He couldn't imagine the door-to-door salesmen of the previous century doing what he did, having nothing better to offer than brushes, or vacuum cleaners, encyclopedias, bibles. At least he had a real wonder in his case, a value that could change the lives of his customers. That's exactly what he told them while cajoling, reasoning, even threatening if necessary. While in training, he had practiced again and again like a martial artist the techniques of wedging a foot between the doorjamb and door, following through with the shoulder, and then achieving a look of homicide thinly veiled by a determination to please. The studies had shown that the novelty of face-to-face sales was what the consumer wanted. In the waning economy that had taken a nosedive ten years into the new century, people did not want to shop on-line or by phone for big-ticket items anymore. Or at least that was what they had told him during his training.

He hadn't had a sale in two months, and the section boss had told him that the company was thinking of letting him go. “You're too tired-looking, Slackwell,” the boss had said. “Your complexion is as gray as your hair, and your spiel, though rabid enough, has all the allure of a drooping erection. Wrinkles are no comfort to our customers, it is power they want. You are selling status. And, please, your after shave is rancid.”

Slackwell cringed into his bourbon, thinking about how he had pleaded, whined actually, to be allowed one more chance. The boss took pity on him, and not only allowed him another shot at it, but also issued him the latest model to hawk in Lindrethool. “If you can't sell that,” the boss had said, “you can sell yourself to the devil.”

Slackwell lit a cigarette. With the butt jutting from the corner of his mouth, he stood and unlatched the case that sat next to the bottle of bourbon. The black metal carrier bulged at the sides as if it housed an oversized bowling ball. The front panel opened on hinges, and he reached in and brought forth a large glass globe with a circular metal base. The base had dials and buttons on it, two jacks, a small speaker, and, attached in the back, a wound-up thin electrical cord. Thinktank, the name of the company, was written across the metal in red letters followed by the model number 256–B. The globe above was filled with clear liquid and suspended at its center was a human brain.

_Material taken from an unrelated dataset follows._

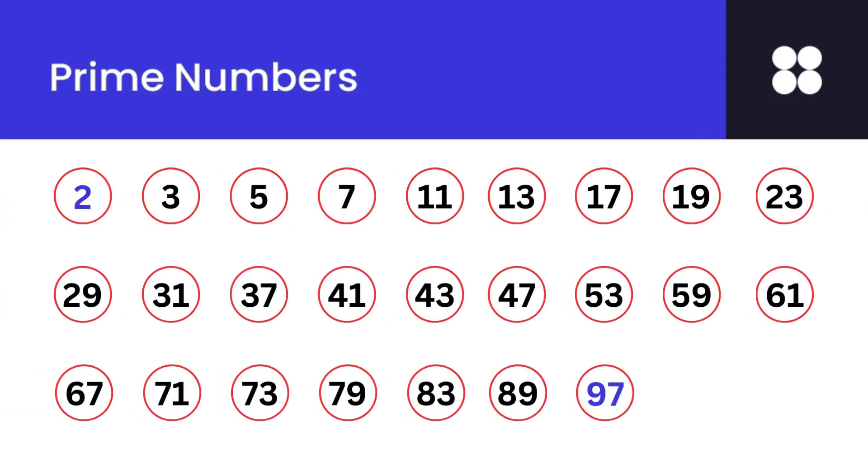This slide has the list of all prime numbers less than 100. There are 25 prime numbers less than 100. Number 97 is the only prime number between 90 and 100.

The bourbon, having gotten the better of him, made him weave a little as he stepped back to view the illustrious product. He took the cigarette out of his mouth, and with the two fingers it was wedged between pointed at the globe. “Now that's a floater,” he said with a cloud of smoke. A floater was what the sales force of Think-tank called the organic center of their merchandise.

“Organic computing, the wave of the future,” Slackwell slurred, practicing his spiel. “Consider this—a human mind, unfettered by physical concerns, using not the customary piddling ten percent used by your Joe Blow from Kokomo, not even fifty or seventy or eighty percent, but a full 95.7 percent of its total cogitative potential. The limitations of microchips have long since been reached. The computing power of a human brain is vast. This baby can run your household appliances from your apartment's master control box, your lights, your phone. It can easily increase the power of your home computer 300 times, provide access to television from around the globe, all at a fraction of your present cost. Set it to pay your bills once and it will do so, on time, every month—it learns what you like, what you want, what you need. And the speed with which it runs will make your parallel processing seem like …”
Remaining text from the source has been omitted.